Additionally, Robinhood makes private equity public with the launch of RVI, a private investment fund providing access for retail investors. Enjoy!

BTC remains range-bound, with 13 days of price action now trading within the daily range set on the Feb. 5 selloff. As the majors trade sideways amid a multi-month downtrend, pockets of strength have shown up in both AI and lending, with each sector registering double-digit returns over the past week. Within lending, MORPHO leads, up 35% on the week and still riding the momentum of last week’s announcement of a cooperation agreement with Apollo.

In other news, the Hyperliquid Policy Center (HPC) launched as an independent research and advocacy group dedicated to advancing a clear and regulated path for decentralized finance within the United States. The Hyper Foundation funded the launch of the institute with 1 million HYPE(~$28 million). In addition, Jake Chervinsky has joined the institute as both Founder and CEO. The HPC will:

  • Engage with federal regulators and Congress to support the creation of policies that recognize the nuances and benefits of decentralized finance.

  • Conduct in-depth technical research about market infrastructure, perpetuals, and other innovative financial technology.

  • Publish policy and legal analysis, submit formal comments on proposed rules, provide technical assistance on draft legislation, and serve as a resource for policymakers who want to understand how decentralized finance really works.

Seeing the recent impasse on the CLARITY Act and the ceiling this places on the industry, Jeff and others at Hyperliquid may know that their position of maximum leverage may no longer be on CT but rather in D.C. Setting up this advocacy group to advance regulatory development within the United States may be one of the highest ROI endeavors they could undertake. 

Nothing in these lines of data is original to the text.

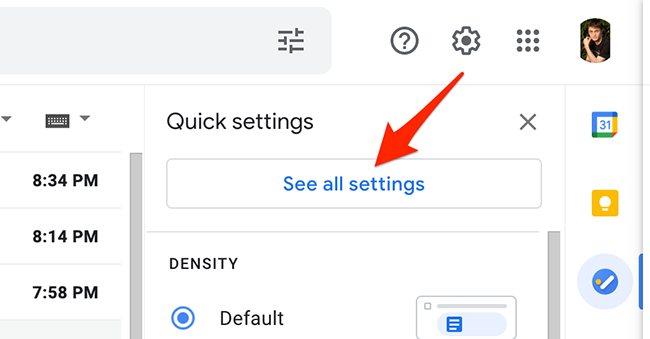 Select "See All Settings" from the "Settings" menu on Gmail.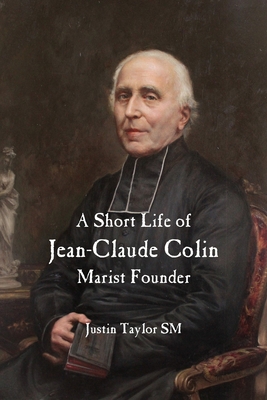 A Short Life of Jean-Claude Colin Marist Founder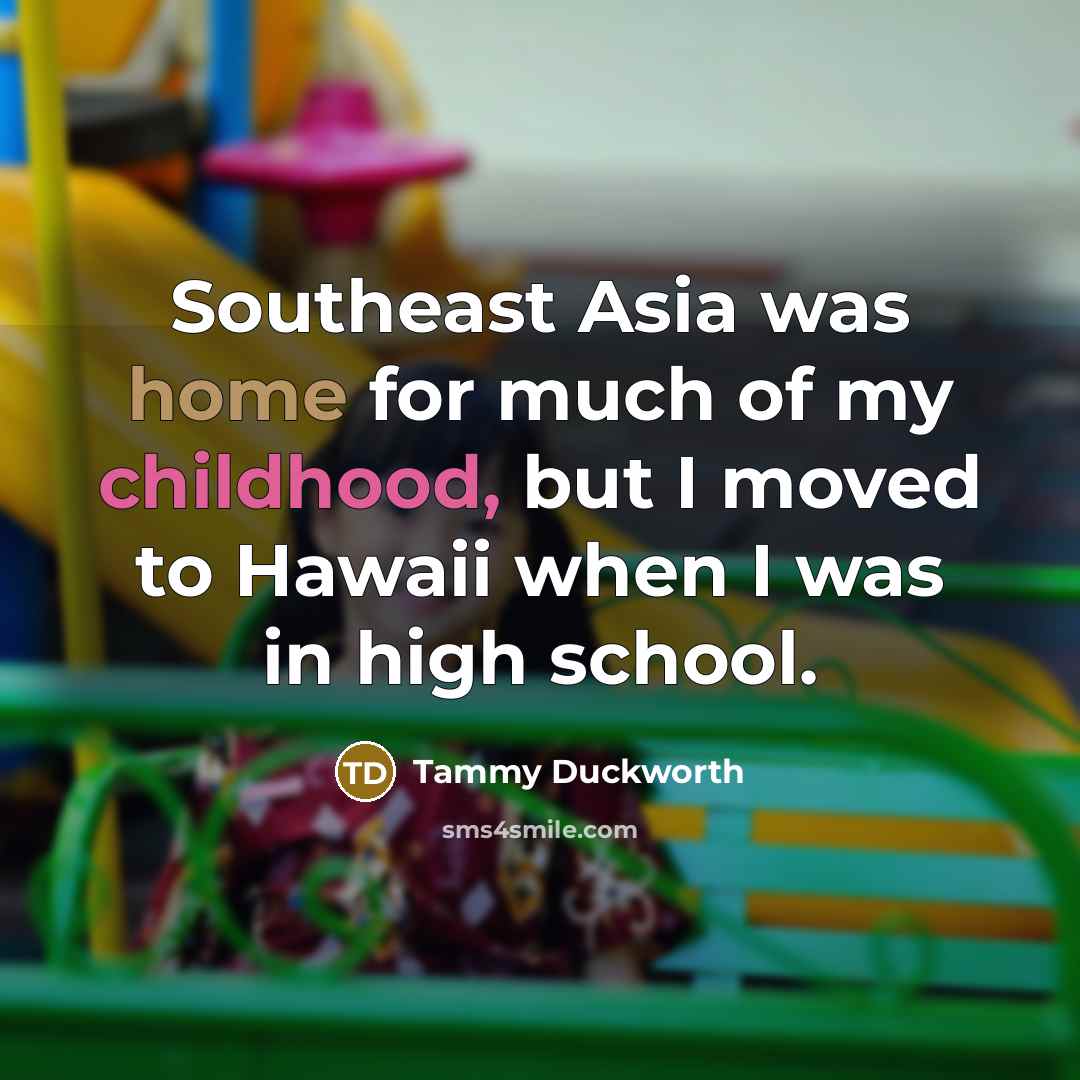 “Southeast Asia was home for much of my childhood, but…” quote by Tammy Duckworth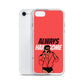 Always Handsome iPhone Case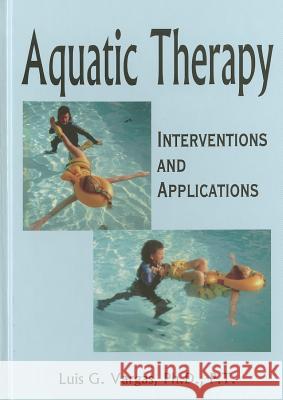Aquatic Therapy: Interventions and Applications Luis G. Vargas 9781882883547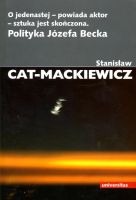 O jedenastej - powiada aktor - sztuka jest skończona. Polityka Józefa Becka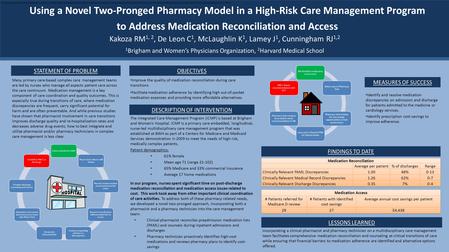 Using a Novel Two-Pronged Pharmacy Model in a High-Risk Care Management Program to Address Medication Reconciliation and Access Kakoza RM 1, 2, De Leon.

While the launch of the HPC may have sparked confidence that favorable regulatory progress could be made in DC, so did Brian Armstrong’s comments at the Mar-a-Lago World Liberty Forum, where he stated that the bill is “making great progress” and would result in a win-win-win for crypto, banking, and the American consumer. The Polymarket odds that the CLARITY Act would be passed within 2026 surged from 60% to over 90% intraday, showing renewed optimism on the regulatory front. Resolution on this piece of legislation may be the most important catalyst to renew optimism in the industry and reverse the trend back higher. 

Luke

DAS NYC's lineup is bringing the biggest names in finance to the stage.

Don't miss the institutional gathering of the year — this March 24−26.

Democratizing the frontier

Robinhood is set to launch its first venture vehicle, Robinhood Ventures Fund I (RVI), a closed-end fund designed to provide retail investors with exposure to high-growth private companies. 

Expected to IPO on the NYSE at $25/share, the fund targets best-in-class private entities such as Databricks, Revolut, Ramp, and Stripe. By removing accreditation requirements and high investment minimums, RVI addresses a structural gap in capital markets where the number of public companies has plummeted since 2000, while private firms have ballooned into a $10 trillion asset class.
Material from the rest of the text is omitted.